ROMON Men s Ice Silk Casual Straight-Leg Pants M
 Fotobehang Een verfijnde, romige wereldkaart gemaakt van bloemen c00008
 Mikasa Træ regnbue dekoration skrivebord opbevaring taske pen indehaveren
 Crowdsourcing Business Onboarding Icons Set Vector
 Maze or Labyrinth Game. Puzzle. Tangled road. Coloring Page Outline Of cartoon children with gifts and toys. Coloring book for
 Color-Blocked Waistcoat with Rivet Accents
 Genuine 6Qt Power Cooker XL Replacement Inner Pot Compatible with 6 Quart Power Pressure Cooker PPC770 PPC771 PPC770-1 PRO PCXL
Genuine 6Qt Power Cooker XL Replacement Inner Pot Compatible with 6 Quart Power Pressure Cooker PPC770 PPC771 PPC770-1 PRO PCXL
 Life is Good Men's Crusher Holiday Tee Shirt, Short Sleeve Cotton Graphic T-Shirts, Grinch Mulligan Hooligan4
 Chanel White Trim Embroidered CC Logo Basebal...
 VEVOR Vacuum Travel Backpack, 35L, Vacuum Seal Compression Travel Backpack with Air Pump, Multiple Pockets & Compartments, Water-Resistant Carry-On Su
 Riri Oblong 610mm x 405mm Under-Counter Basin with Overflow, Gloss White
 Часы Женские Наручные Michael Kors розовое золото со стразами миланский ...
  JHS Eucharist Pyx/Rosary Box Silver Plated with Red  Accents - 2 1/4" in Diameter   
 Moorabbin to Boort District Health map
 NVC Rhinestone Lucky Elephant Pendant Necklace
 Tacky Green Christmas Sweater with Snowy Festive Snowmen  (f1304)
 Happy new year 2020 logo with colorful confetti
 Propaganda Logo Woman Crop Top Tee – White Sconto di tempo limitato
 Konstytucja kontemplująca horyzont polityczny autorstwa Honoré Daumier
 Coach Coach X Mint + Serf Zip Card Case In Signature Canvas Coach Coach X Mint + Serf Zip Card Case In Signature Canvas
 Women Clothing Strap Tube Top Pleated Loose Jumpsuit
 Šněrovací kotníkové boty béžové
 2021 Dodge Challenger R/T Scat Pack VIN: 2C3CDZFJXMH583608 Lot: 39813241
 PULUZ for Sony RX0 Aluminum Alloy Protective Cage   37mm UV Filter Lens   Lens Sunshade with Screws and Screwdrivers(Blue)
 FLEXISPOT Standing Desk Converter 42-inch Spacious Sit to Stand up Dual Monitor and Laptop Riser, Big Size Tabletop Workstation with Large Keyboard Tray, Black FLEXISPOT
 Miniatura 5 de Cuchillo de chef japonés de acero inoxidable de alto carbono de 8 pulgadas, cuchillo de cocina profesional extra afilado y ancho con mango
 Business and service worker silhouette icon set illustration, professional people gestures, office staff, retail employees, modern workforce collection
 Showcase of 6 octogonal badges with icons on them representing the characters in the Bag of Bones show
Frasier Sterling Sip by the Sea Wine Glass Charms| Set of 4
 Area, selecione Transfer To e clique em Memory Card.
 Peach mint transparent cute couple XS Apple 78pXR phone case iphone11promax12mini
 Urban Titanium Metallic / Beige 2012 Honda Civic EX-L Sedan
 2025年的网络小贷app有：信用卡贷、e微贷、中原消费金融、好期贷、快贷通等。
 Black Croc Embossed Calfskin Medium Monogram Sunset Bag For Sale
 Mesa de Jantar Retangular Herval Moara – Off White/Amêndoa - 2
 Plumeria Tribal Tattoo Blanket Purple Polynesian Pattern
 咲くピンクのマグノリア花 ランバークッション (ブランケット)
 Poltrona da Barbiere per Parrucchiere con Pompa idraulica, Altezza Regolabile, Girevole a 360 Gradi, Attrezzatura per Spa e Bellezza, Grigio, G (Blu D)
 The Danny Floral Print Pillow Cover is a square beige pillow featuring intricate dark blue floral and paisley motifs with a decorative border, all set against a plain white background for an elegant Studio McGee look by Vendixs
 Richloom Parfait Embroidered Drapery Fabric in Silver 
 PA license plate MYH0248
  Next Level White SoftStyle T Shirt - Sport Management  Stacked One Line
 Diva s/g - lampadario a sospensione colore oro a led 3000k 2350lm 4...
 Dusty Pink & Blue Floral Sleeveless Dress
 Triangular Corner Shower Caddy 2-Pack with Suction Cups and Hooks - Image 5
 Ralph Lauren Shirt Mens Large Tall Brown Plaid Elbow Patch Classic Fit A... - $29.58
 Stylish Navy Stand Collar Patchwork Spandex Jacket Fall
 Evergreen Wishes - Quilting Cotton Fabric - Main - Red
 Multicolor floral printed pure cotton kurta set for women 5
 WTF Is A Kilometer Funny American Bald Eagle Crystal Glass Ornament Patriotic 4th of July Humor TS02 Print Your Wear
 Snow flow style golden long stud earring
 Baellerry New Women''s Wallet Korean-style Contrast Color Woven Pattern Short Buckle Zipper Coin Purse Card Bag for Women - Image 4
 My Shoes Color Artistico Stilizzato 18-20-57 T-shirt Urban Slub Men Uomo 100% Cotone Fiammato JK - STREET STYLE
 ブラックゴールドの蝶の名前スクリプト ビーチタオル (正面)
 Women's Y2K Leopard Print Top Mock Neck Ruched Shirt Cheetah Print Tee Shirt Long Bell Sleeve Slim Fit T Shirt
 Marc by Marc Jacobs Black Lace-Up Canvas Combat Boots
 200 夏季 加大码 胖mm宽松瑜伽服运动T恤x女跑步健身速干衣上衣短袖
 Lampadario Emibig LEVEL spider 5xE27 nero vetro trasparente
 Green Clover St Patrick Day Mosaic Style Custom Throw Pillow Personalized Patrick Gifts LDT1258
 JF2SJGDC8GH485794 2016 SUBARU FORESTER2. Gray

### [The task]
Across the listing above, count the lines that include "Card" and give the figure with no other words.

### [Exercise result]
3